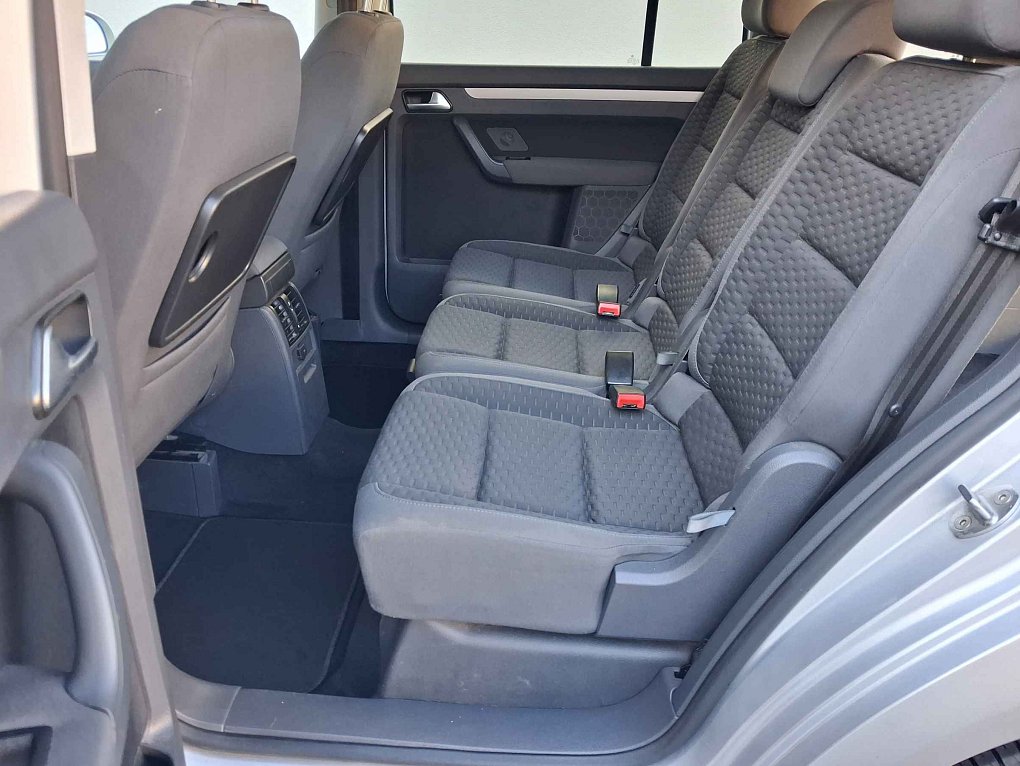 Volkswagen Touran 2.0 i 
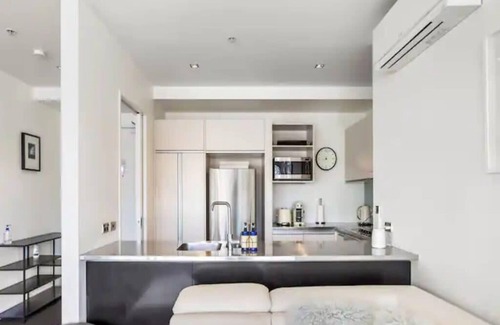 Auckland Central Business District Apartment | Stunning 2BR + Viaduct Views+Parking Zodiak Stays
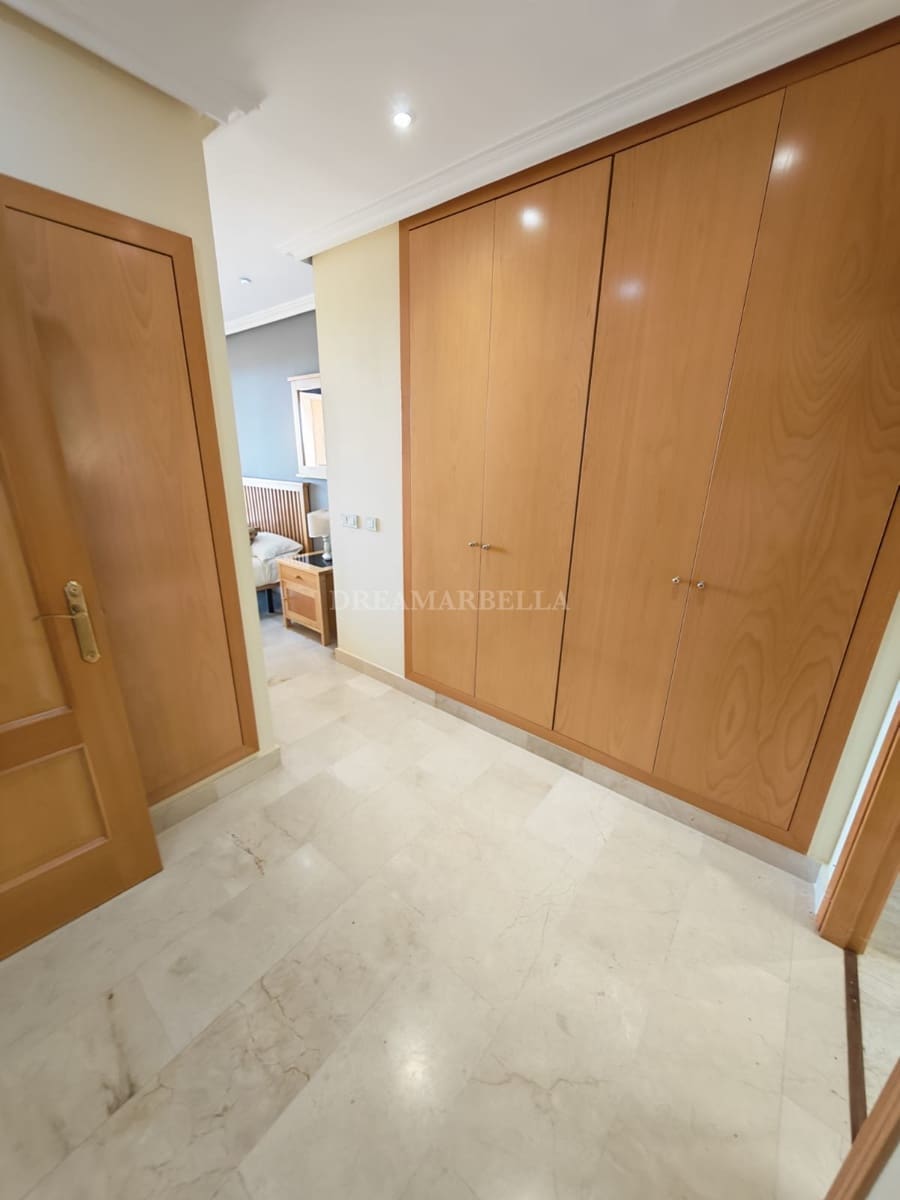 2 Zimmer Apartment zu vermieten in Benahavis mit Pool Garage - 2.500 € (Ref: 9948072)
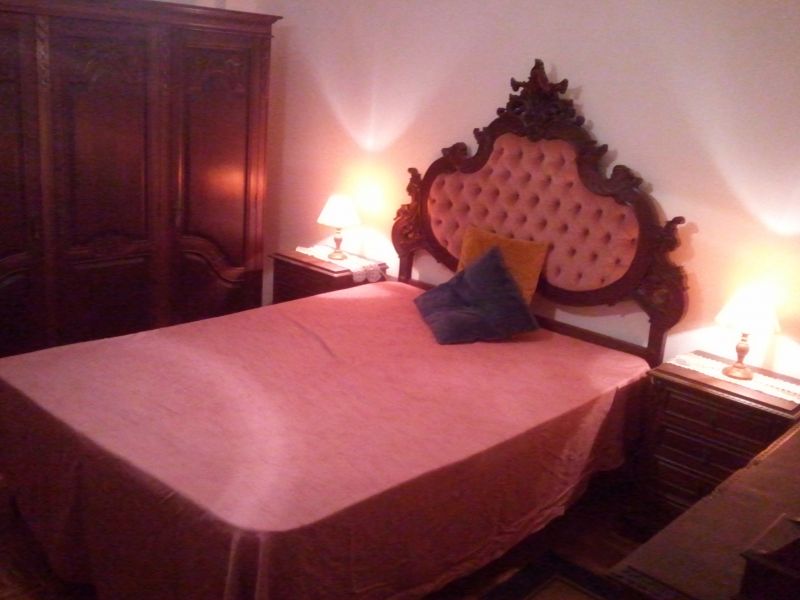 Aluga-se Quartos a Rapazes com Despesas Incluidas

Required action → Write every line above again exactly, but leave the pictures out.

The completed task →
 Volkswagen Touran 2.0 i 
 Auckland Central Business District Apartment | Stunning 2BR + Viaduct Views+Parking Zodiak Stays
 2 Zimmer Apartment zu vermieten in Benahavis mit Pool Garage - 2.500 € (Ref: 9948072)
 Aluga-se Quartos a Rapazes com Despesas Incluidas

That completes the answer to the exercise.